LOGLINE PITCH:

ACTOR Title: Modern Persecution

Written by: Jennifer Cole

Type: Feature Film

Genre: History, Thriller

Logline: A bright, passionate woman must find her way out of an insane asylum after being summarily dumped there for questioning her husband's religious doctrine.

Synopsis: Speaking up in Bible class is a risky proposition in an 1860s Calvinist church for Elizabeth Packard, the Reverend's wife. Mrs. Packard knows this, but a combination of a passion for her religion and an bright mind forces her to question the church's doctrine. While some in the Bible class welcome her ideas, others, including the Reverend Theophilus Packard find them threatening. The Reverend decides that his wife's questioning is a sign of a "diseased brain." His solution? Her permanent admission to an insane asylum. Reassured by a neighbor that a person could not be committed without a trial, Mrs. Packard rests easy, ignorant of the fact a married woman is not a person under the law. Rather, she is the sole property of her husband.

While in the uniquely vulnerable position of taking her bath, her room is broken into by the town sheriff, two medical doctors, and Rev. Packard himself. She is kidnapped and carted off to a mental hospital in Manteno, but not before the neighbor who had so ill-advised her realizes what is happening and gathers the neighbors Paul Revere-style to head them off at the train station. The confrontation at the train station results in a public spectacle as Mrs. Packard refuses to willingly enter a train car destined to take her to her imprisonment. Under advisement of the sheriff, representing the law of the 1860s, a group of men must carry her on to the train while the crowd looks on helplessly.

Upon her arrival, Mrs. Packard meets a respectful young attendant, Miss Tomlin, who struggles to grant Mrs. Packard's several requests for simple creature comforts. After a first calm night at the asylum, Mrs. Packard meets with Reverend Packard and the Superintendent, Dr. McFarland. This meeting at once gives her hope( thanks to Dr. McFarland's seemingly reasonable attitude) and despair due to her husband's insistence that she remain in the asylum indefinitely. Mrs. Packard grieves for her five small children, torn from their mother's love.

While at the asylum, Mrs. Packard makes the best of an impossible situation by working to improve conditions there. She puts a great deal of effort into cleaning and organizing both her ward and a number of the patients. At first it appears that Dr. McFarland is treating her as a boarder rather than a patient. Unfortunately, her position of favor is jeopardized when she must spurn his romantic advances. She further puts herself in jeopardy by writing a scathing letter criticizing Dr. McFarland's leadership.

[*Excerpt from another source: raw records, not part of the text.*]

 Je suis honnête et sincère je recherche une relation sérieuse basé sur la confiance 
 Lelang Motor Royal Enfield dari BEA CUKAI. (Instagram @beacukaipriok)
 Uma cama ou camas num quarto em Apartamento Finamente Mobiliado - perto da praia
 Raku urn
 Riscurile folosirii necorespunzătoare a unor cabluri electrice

In retaliation, Dr. McFarland moves her to a filthy ward with the most violent, unstable patients. She continues her mission to improve the lives of the patients. These patients, however, are dangerous and her life is often in jeopardy. Aside from the attendant Mrs. Tomlin, the patients her must navigate Miss Bonner, a cruel, sadistic attendant with no empathy for any of the inmates.

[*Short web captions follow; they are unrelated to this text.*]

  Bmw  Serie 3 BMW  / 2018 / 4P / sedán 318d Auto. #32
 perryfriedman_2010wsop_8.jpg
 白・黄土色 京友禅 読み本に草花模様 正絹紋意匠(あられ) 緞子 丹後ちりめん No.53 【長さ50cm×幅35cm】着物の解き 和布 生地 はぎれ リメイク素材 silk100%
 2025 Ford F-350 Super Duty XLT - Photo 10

Three years into her incarceration, Mrs. Packard requests to "fire a few guns at Calvinism" for the hospital's board of trustees. In a rare moment of charity, Dr. McFarland agrees. Because she is such a gifted speaker, her allotted 15 minutes becomes 50, and the board members unanimously agree that Mrs. Packard is not insane, but a victim of a spiteful husband.

Because she has no rights under the law, she requests to stay on at the asylum as a boarder. At first this is agreed to, but as the mercurial Dr. McFarland is prone to sudden changes of heart, she is released to her husband who simply keeps her captive in her own house.

This time, the neighbor who misled her discovers her plight and manages to secure her a trial. Though she is found sane, her troubles are not ended. Reverend Packard has stolen her dowry, sold off all of their things, and taken the children to Massachussets. If she were to follow, she would again be subject to her husband's wishes as the court would not recognize Illinois's decision.

Mrs. Packard stays for a time with a neighbor as she self-publishes a book about her experience. Her books and persuasive speaking is instrumental in changing the laws pertaining to the possession of women by their husbands.